Task data: Begin

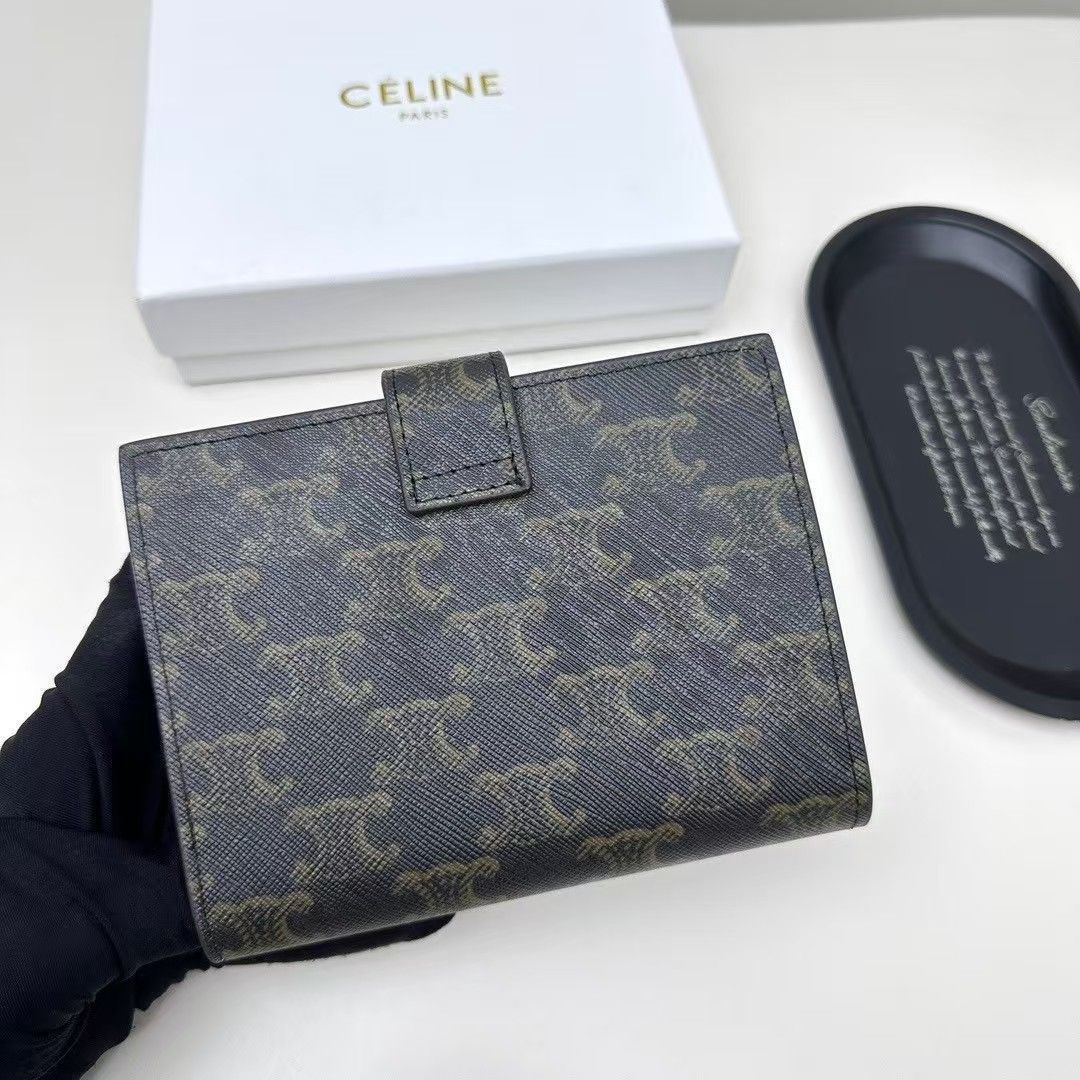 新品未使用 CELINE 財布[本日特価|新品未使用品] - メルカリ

Task data: End
Task data: Begin

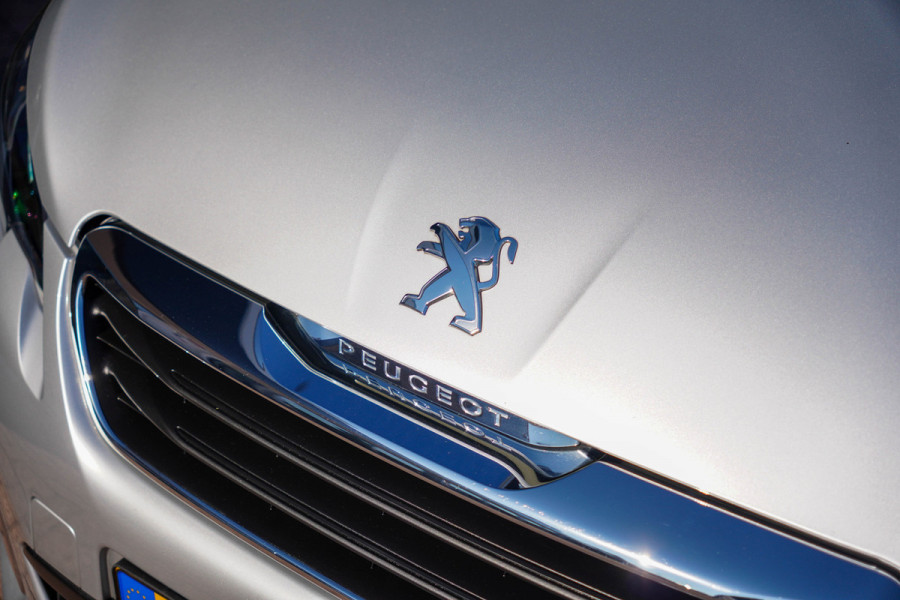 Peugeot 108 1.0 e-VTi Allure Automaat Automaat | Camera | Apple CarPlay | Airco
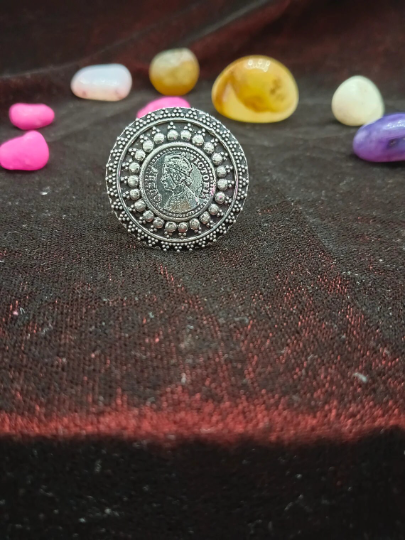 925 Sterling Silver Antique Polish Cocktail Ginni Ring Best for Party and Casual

Task data: End

Your goal » Return word for word the lines of the listing above, starting at the line with "Peugeot 108 1.0" and ending at the line with "925 Sterling Silver", both included. Pictures do not belong in the copy.

Exercise response »
 Peugeot 108 1.0 e-VTi Allure Automaat Automaat | Camera | Apple CarPlay | Airco
 925 Sterling Silver Antique Polish Cocktail Ginni Ring Best for Party and Casual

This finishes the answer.